--- PROBLEM TO SOLVE ---
In the records below, locate the line containing "JoyceWhiteVance's tweet photo."; output that line and every following line through the last, exactly.

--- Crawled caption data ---
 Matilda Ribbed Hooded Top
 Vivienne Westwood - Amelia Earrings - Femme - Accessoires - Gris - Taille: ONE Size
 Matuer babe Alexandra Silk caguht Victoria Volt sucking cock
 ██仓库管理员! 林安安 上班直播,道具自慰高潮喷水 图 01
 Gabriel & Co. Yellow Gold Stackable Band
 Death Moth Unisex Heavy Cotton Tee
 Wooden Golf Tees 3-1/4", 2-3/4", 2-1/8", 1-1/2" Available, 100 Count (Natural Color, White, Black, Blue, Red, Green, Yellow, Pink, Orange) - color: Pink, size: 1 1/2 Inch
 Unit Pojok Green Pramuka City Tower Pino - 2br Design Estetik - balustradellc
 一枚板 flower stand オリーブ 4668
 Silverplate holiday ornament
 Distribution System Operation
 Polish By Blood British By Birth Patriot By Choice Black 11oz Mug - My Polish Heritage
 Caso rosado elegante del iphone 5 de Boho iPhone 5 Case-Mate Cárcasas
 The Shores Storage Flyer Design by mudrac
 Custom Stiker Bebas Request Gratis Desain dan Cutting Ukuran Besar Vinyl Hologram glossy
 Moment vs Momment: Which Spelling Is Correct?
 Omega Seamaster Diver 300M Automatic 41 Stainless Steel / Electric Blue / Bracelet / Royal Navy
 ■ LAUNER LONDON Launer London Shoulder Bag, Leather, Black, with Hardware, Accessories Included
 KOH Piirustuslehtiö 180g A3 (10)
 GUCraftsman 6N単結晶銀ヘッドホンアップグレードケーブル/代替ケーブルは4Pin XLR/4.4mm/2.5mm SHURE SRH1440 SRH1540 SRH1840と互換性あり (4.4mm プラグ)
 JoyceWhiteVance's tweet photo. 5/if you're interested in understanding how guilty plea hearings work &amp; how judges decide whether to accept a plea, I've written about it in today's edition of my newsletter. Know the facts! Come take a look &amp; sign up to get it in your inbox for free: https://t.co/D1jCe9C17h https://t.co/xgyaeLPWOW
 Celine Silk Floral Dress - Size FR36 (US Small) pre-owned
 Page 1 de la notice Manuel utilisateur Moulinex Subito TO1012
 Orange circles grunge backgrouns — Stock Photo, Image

--- FINISHED EXERCISE ---
 JoyceWhiteVance's tweet photo. 5/if you're interested in understanding how guilty plea hearings work &amp; how judges decide whether to accept a plea, I've written about it in today's edition of my newsletter. Know the facts! Come take a look &amp; sign up to get it in your inbox for free: https://t.co/D1jCe9C17h https://t.co/xgyaeLPWOW
 Celine Silk Floral Dress - Size FR36 (US Small) pre-owned
 Page 1 de la notice Manuel utilisateur Moulinex Subito TO1012
 Orange circles grunge backgrouns — Stock Photo, Image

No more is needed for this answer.